Com este comportamento na vida pessoal, não estranha a conduta política que Afonso III viria a ter. Estamos todos lembrados da jura que fizera em Paris, quando lhe ofereceram o trono de Portugal, aquele a que nunca poderia aspirar por ser um segundo filho, e de como prometeu devolver tudo a todos, particularmente à Igreja. Pois, agora que era rei, que tinha conquistado todas as terras possíveis até ao mar e assegurado a paz por intermédio do casamento com a filha do rei vizinho, Afonso sentiu-se à vontade para esquecer tudo quanto antes prometera. Donde podia vir a ameaça? A retaliação? De modo que, passo a passo, foi seguindo o exemplo do irmão e do pai. Compreendendo que era impossível reinar consentindo contrapoderes debaixo do seu nariz, o Bolonhês foi retirando posses e poderes a clérigos e nobres, de forma mais ou menos violenta, consoante a resistência.
Para as mesmas causas, as mesmas consequências: padres e bispos começam a apontar a lista de queixas e a fazê-las chegar a Roma (muito trabalho dava então Portugal aos secretários do papa); o pior, porém, ainda estava para vir... Em 1253, dona Matilde descobre que o marido, que há oito anos partira para a guerra, era agora rei de Portugal e vivia no paço ao lado de uma rainha que não era ela. A condessa pôs-se a caminho e, chegada a território nacional, foi tirar satisfações junto do marido. Afonso não se atrapalhou e expulsou-a do reino, mas ela não quis ficar atrás: escreveu directamente ao papa, explicando minuciosamente o sucedido. A queixa foi juntar-se às 43 do libelo apresentado pelos bispos do Porto, Coimbra e Braga contra o rei. De Roma chega uma ordem clara: Afonso III devia abandonar de imediato a segunda esposa e respeitar o sagrado matrimónio com Matilde. Será que Afonso pensou, naquele momento, no irmão? Não se sabe. Sabe-se que fez o mesmo que Sancho: ignorou, olimpicamente, as palavras do papa.

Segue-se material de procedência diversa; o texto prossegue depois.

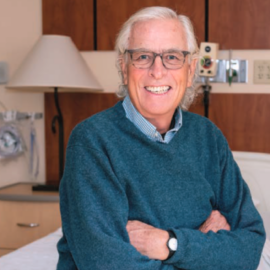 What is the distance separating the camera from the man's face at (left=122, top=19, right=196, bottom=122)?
1381 mm

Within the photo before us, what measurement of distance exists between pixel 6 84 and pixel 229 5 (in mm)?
1448

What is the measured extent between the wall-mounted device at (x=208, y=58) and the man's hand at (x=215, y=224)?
4.73ft

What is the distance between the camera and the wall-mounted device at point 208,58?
9.06 ft

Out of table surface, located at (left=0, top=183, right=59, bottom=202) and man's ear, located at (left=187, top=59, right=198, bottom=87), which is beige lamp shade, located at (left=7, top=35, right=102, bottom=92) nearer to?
table surface, located at (left=0, top=183, right=59, bottom=202)

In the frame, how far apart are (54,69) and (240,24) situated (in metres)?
1.11

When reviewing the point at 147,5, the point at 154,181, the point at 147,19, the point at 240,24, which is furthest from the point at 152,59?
the point at 147,5

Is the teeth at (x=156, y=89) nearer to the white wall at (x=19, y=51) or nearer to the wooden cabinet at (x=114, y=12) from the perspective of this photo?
the wooden cabinet at (x=114, y=12)

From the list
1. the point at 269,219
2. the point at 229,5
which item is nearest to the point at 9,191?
the point at 269,219

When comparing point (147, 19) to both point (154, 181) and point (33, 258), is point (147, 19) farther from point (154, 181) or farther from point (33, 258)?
point (33, 258)

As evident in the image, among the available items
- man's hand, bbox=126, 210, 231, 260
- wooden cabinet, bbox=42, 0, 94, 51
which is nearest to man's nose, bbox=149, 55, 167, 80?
man's hand, bbox=126, 210, 231, 260

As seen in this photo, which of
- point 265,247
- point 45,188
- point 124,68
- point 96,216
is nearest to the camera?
point 96,216

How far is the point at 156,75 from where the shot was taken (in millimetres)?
1382

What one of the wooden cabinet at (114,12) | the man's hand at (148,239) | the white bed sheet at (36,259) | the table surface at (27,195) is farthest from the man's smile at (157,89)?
the wooden cabinet at (114,12)

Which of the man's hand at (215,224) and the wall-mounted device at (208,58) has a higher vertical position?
the wall-mounted device at (208,58) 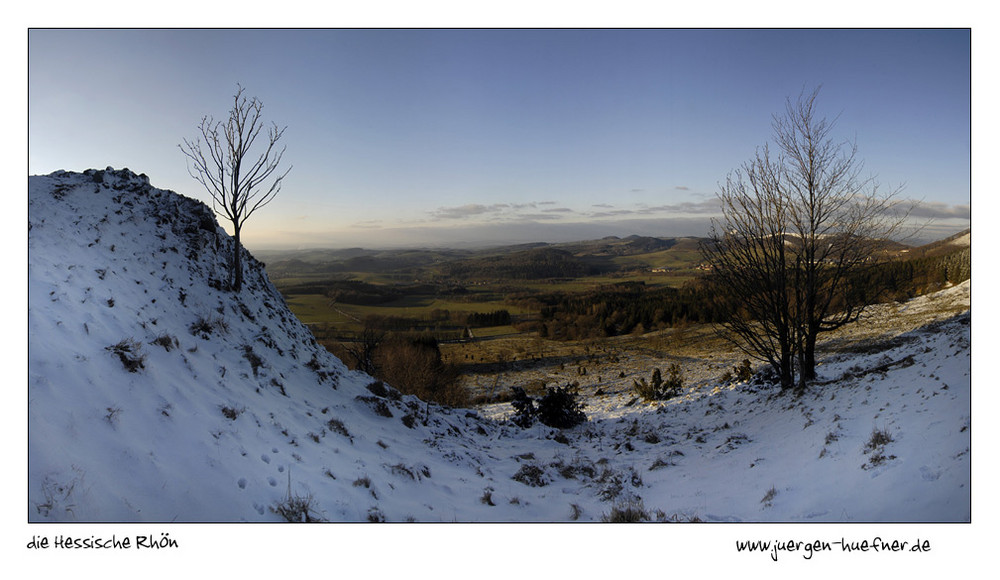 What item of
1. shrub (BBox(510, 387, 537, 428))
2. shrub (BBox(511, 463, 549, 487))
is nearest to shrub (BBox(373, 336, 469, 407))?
shrub (BBox(510, 387, 537, 428))

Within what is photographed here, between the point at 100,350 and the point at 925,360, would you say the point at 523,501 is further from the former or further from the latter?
the point at 925,360

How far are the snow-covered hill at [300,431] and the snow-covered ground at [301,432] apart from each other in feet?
0.09

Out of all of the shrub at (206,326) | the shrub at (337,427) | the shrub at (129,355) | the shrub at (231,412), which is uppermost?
the shrub at (206,326)

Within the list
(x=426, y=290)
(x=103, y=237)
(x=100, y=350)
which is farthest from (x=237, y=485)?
(x=426, y=290)

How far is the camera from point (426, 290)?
2335 inches

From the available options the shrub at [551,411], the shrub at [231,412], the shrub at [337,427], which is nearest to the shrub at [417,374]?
the shrub at [551,411]

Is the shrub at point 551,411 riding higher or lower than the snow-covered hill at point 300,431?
lower

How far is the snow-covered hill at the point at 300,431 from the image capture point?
376cm

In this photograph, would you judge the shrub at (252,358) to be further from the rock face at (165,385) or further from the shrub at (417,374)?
the shrub at (417,374)

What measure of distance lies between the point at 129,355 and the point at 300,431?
93.8 inches

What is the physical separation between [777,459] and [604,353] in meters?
36.3

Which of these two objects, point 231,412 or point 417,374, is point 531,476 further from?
point 417,374

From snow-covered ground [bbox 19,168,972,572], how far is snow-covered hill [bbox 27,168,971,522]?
3cm

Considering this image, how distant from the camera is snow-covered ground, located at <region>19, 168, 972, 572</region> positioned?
376 cm
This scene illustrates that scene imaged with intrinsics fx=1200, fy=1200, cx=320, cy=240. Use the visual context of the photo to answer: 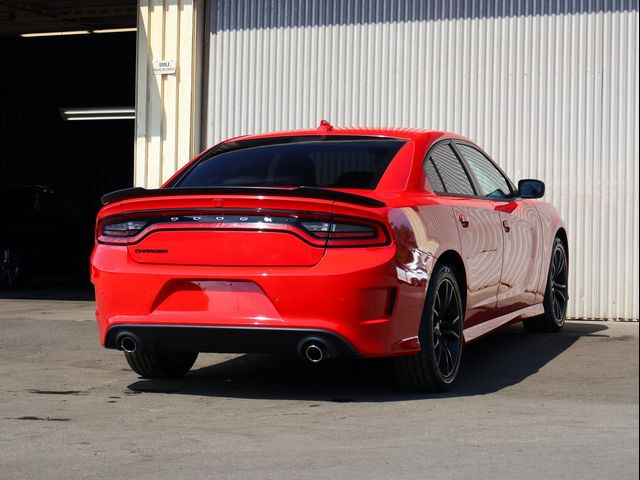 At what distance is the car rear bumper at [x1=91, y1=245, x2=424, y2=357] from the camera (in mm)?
5770

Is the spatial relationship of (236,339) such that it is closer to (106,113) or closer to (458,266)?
(458,266)

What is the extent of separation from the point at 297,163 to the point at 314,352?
1328mm

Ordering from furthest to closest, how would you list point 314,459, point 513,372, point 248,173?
point 513,372
point 248,173
point 314,459

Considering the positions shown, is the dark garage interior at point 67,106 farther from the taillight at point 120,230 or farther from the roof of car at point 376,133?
the taillight at point 120,230

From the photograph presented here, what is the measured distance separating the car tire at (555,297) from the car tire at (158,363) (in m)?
3.21

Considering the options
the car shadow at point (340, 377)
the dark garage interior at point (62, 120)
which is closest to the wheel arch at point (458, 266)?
the car shadow at point (340, 377)

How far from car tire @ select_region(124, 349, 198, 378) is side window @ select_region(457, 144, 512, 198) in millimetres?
2161

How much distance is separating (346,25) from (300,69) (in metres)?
0.63

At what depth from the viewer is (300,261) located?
581 cm

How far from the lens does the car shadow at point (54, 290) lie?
14.4 meters

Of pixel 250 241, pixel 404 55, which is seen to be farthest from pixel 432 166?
pixel 404 55

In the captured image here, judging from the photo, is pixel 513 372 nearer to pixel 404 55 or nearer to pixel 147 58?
pixel 404 55

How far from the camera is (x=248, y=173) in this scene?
22.2 feet

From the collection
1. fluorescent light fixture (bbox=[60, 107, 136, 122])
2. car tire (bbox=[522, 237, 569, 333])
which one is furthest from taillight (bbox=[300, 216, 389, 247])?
fluorescent light fixture (bbox=[60, 107, 136, 122]) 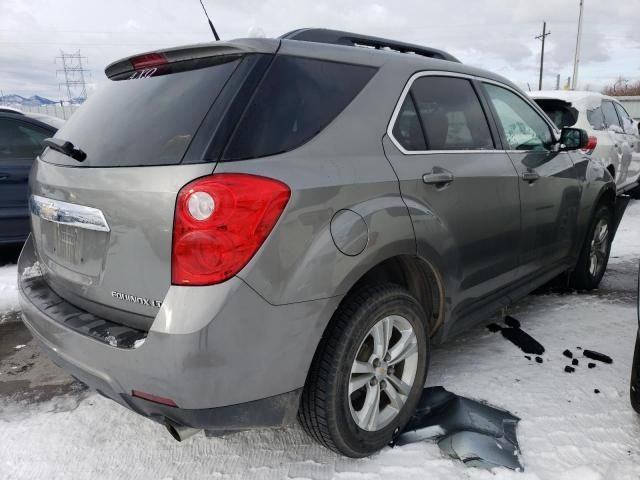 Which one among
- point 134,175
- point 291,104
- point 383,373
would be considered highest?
point 291,104

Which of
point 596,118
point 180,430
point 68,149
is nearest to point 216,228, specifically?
point 180,430

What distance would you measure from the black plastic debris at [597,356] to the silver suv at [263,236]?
0.96 m

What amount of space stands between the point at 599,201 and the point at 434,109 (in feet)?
7.57

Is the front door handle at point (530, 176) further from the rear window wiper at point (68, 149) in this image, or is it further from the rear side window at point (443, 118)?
the rear window wiper at point (68, 149)

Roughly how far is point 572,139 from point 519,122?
544mm

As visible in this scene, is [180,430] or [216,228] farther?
[180,430]

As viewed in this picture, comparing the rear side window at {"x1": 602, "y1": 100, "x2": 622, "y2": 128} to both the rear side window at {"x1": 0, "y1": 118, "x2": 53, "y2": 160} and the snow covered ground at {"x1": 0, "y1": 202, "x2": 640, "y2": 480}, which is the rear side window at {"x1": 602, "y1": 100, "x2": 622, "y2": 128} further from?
the rear side window at {"x1": 0, "y1": 118, "x2": 53, "y2": 160}

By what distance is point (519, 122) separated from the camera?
3293mm

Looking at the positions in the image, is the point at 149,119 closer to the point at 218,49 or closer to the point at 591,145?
the point at 218,49

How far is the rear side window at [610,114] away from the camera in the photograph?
7.53 m

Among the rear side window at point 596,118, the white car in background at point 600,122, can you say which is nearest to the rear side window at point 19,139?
the white car in background at point 600,122

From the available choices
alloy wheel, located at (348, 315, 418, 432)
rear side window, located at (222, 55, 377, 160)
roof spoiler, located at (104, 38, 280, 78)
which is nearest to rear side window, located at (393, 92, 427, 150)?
rear side window, located at (222, 55, 377, 160)

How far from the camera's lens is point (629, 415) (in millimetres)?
2516

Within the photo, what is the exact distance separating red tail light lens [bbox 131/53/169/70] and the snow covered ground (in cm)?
171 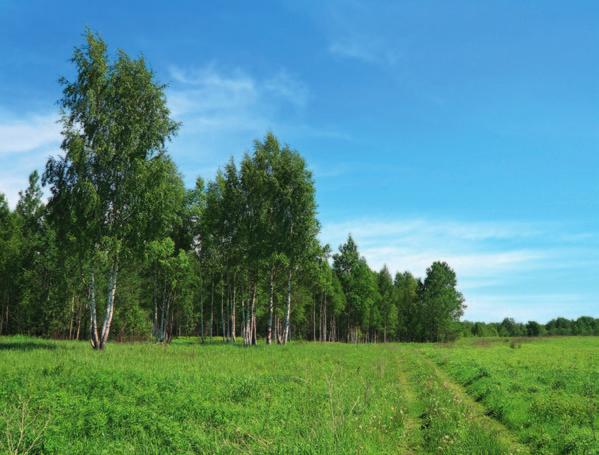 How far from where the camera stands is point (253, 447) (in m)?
8.77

Matilde morreria pouco tempo depois, em 1258, de modo que essa parte do problema estava, digamos, resolvida; agora, faltava tratar da outra... A querela com a Igreja ia arrastar-se no tempo, até que as Cortes se reúnem, em Santarém, para deliberar sobre a questão. Formada uma comissão de inquérito, resulta a decisão de absolver o rei dos seus pecados, uma conclusão natural, dado que Afonso tinha conseguido infiltrar na dita comissão abundantes apoiantes. Contudo, mover influências em Portugal era uma coisa; em Roma, outra... Levado ao limite da paciência, Gregório X explodiu e fez de Afonso III o terceiro rei português a ser consecutivamente excomungado. Os anos passavam e a morte aproximava-se. Afonso olhava para trás e temia pelo que tivesse pela frente. Não se podia dizer que houvesse levado uma vida conforme aos ideais cristãos, será que o esperava o fogo eterno do inferno?
Em 1276, Deus parecia pôr-se do lado dele: depois de tanto problema com tanto papa, eis que a cadeira de Pedro era ocupada por um português: Pedro Julião, aliás Pedro Hispano, aliás papa João XXI, o primeiro e único Sumo Pontífice nascido nesta terra que Afonso Henriques começara e ele, Afonso III, completara. Finalmente, haveria paz. Finalmente, haveria entendimento. Finalmente, pensou, em sentido literal e metafórico, um papa que falava a mesma língua do que ele. Mas, 11 meses depois, o tecto do quarto de João XXI, no Palácio de Viterbo, desabou sobre Sua Santidade. Era muito azar.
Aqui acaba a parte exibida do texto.